Government should introduce contracts for difference


March 23, 2016





March 23, 2016




Bulgaria is to let go of the single buyer model of its regulated electricity market, energy minister Temenuzhka Petkova said during an energy conference held in Sofia on March 22. She also spoke about the improvements at the public supplier – the National Electricity Company (NEK), which is subject, along with its parent structure – the Bulgarian Energy Holding (BEH), of an analysis by the World Bank, portal reported.

Tony Thompson, permanent representative of the World Bank for Bulgaria, who was also among the speakers at the event organized by Economedia, said that the analysis is commissioned by the Bulgarian energy ministry and the state-run BEH. He went on to precise some of the major conclusions.

The World Bank is to recommend that all power plants managed by BEH sell their electricity at the recently established Independent Bulgarian Energy Exchange (IBEX), another BEH subsidiary.

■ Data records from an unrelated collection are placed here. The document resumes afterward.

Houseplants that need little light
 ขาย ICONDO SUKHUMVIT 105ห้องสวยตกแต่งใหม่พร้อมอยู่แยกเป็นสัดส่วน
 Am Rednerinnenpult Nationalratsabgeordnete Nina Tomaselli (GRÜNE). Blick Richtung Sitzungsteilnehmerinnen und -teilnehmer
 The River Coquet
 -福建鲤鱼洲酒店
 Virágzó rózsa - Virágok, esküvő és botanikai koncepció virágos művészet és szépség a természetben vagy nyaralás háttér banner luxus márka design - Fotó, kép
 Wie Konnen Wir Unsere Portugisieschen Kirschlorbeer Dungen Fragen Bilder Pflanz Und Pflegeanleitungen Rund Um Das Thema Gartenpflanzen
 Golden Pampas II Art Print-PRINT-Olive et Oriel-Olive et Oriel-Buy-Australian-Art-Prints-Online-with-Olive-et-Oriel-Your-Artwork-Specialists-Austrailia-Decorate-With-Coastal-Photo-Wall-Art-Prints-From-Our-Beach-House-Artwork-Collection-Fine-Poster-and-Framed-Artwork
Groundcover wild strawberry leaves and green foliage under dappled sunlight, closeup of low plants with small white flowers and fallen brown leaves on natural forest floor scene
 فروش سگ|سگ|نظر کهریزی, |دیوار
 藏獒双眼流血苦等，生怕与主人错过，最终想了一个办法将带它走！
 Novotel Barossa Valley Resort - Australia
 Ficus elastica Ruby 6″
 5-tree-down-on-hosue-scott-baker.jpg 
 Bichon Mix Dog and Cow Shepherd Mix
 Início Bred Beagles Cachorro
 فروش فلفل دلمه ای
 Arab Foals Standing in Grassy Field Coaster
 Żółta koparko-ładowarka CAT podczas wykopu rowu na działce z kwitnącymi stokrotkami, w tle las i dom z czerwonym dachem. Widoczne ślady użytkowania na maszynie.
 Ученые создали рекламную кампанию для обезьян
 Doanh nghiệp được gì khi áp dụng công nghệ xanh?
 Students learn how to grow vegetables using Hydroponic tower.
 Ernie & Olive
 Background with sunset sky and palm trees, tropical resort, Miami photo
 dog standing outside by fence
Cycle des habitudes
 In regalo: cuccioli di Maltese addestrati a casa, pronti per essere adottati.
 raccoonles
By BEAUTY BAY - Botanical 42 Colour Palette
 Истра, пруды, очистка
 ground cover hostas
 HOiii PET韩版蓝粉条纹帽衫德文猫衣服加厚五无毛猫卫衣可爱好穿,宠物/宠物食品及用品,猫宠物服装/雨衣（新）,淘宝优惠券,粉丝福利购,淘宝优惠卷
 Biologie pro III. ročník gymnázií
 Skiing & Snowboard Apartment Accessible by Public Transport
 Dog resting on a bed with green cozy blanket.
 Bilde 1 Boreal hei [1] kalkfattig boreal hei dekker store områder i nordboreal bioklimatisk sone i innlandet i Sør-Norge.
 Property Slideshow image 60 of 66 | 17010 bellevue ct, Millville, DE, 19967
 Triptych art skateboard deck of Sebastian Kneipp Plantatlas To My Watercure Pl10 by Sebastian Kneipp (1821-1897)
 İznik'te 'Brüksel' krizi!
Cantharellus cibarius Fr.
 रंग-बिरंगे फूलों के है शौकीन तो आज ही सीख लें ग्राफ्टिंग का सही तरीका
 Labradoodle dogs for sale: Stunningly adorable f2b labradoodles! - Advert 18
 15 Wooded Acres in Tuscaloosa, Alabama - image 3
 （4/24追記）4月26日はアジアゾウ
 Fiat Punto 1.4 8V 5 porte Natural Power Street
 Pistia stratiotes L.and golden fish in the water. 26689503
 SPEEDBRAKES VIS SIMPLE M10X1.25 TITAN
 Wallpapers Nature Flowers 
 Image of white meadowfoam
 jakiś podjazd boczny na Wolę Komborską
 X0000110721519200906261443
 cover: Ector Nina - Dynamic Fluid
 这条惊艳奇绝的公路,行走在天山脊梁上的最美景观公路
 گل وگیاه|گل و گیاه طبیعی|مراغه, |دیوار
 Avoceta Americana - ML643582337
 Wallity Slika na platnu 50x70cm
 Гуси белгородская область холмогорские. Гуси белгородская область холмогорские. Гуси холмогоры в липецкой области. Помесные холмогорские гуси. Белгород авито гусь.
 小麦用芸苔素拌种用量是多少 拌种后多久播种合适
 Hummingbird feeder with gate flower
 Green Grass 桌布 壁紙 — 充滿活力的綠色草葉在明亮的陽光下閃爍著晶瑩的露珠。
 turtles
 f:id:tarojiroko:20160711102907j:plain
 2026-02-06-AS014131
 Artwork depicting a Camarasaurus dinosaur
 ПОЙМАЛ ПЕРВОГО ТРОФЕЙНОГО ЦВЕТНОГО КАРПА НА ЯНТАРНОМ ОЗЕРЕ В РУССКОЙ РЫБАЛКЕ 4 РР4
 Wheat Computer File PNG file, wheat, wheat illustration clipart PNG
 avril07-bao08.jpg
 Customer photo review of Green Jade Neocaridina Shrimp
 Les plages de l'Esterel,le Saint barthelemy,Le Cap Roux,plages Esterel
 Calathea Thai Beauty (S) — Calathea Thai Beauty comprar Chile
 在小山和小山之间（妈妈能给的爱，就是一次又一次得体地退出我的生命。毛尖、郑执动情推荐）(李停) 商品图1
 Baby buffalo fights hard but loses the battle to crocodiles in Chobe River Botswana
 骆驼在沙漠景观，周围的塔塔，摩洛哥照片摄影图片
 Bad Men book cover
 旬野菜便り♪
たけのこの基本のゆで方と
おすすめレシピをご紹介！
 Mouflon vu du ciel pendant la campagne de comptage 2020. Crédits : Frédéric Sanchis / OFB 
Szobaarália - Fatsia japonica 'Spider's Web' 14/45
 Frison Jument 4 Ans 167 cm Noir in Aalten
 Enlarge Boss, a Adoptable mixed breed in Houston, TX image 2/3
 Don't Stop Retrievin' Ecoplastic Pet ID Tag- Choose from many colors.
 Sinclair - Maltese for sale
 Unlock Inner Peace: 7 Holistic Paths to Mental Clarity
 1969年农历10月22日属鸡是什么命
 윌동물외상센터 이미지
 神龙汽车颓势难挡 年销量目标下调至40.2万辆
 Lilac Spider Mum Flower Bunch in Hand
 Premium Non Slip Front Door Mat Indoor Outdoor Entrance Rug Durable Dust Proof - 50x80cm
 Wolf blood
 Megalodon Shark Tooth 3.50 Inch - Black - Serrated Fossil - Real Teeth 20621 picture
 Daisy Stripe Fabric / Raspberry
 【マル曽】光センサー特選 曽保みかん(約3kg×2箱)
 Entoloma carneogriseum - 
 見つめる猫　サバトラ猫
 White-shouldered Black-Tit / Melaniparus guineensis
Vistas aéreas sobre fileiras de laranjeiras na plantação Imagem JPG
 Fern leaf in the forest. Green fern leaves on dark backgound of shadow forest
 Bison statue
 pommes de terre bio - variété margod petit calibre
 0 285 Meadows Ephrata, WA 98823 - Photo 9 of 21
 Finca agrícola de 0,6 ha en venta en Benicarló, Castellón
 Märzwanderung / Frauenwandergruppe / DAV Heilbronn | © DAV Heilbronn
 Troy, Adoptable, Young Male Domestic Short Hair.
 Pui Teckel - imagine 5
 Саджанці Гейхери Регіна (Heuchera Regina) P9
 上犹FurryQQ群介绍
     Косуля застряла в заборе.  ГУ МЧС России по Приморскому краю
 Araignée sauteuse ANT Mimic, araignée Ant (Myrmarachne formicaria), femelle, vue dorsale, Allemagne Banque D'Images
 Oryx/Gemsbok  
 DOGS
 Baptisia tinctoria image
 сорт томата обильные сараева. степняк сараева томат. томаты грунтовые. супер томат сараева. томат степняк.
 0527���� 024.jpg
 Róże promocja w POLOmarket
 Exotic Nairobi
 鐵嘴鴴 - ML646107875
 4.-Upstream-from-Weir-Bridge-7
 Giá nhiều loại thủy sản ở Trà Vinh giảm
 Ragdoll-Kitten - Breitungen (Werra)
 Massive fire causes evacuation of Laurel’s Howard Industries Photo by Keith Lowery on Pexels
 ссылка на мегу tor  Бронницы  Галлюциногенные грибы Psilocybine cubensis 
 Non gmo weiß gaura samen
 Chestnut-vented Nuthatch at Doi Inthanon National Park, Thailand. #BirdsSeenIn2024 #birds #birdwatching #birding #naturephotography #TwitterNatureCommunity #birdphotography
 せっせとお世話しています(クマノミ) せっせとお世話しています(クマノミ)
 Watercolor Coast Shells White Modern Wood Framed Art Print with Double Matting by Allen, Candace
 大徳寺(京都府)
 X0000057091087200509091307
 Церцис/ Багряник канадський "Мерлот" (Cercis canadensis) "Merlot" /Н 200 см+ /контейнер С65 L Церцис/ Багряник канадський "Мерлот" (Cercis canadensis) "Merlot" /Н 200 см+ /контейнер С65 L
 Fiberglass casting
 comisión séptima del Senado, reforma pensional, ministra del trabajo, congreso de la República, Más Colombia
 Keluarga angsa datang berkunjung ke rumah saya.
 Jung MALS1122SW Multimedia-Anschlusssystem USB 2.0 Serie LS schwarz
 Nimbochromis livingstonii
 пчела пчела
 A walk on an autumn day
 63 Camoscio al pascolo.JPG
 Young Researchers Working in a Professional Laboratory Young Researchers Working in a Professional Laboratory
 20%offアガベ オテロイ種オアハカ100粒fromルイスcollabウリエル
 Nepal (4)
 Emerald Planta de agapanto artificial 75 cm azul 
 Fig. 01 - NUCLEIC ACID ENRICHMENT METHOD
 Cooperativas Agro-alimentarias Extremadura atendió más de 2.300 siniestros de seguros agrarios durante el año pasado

The IBEX currently has only a day-ahead platform. Thompson also said the single buyer model should be replaced by contracts for difference (CFD), stressing that this scheme has gained the approval of the United Kingdom and Finland in terms of financing renewables in liberalized markets, while Poland has been using CFD for covering the differences under existing power purchase agreements (PPAs) with coal power plants.

The forum was focused on challenges before the energy market liberalization, steps towards the liberalization of the gas market and the influence of the European climate policy on the Bulgarian energy sector, Focus Information Agency reported.

Minister Petkova explained that there are 32 participants at IBEX, 95% of which were active every day, and over 100 certified traders. “BEH will boost the capital of the Independent Bulgarian Energy Exchange so as to buy a platform for trade under long-term contracts. It will start functioning in July 2016, while a platform for trade within the day will be launched in the beginning of 2017,” she added.

On daily basis, the Independent Bulgarian Energy Exchange trades around 7.5 GWh, Petkova said.

The most responsible challenge in the process of transition to full liberalization is the protection of the vulnerable consumers, she stressed and added criteria are being developed to provide protection to households. “Before launching the transition to full liberalization of the energy market in Bulgaria, the most important was to provide financial stability in the sector through unpopular measures. One year after the legislative amendments, we can see the results. Last year the tariff deficit of the National Electricity Company was BGN 586 million (EUR 299.5 million), while now it is BGN 221 million. For the first time NEK realises positive result from its regulatory activity,” the minister explained.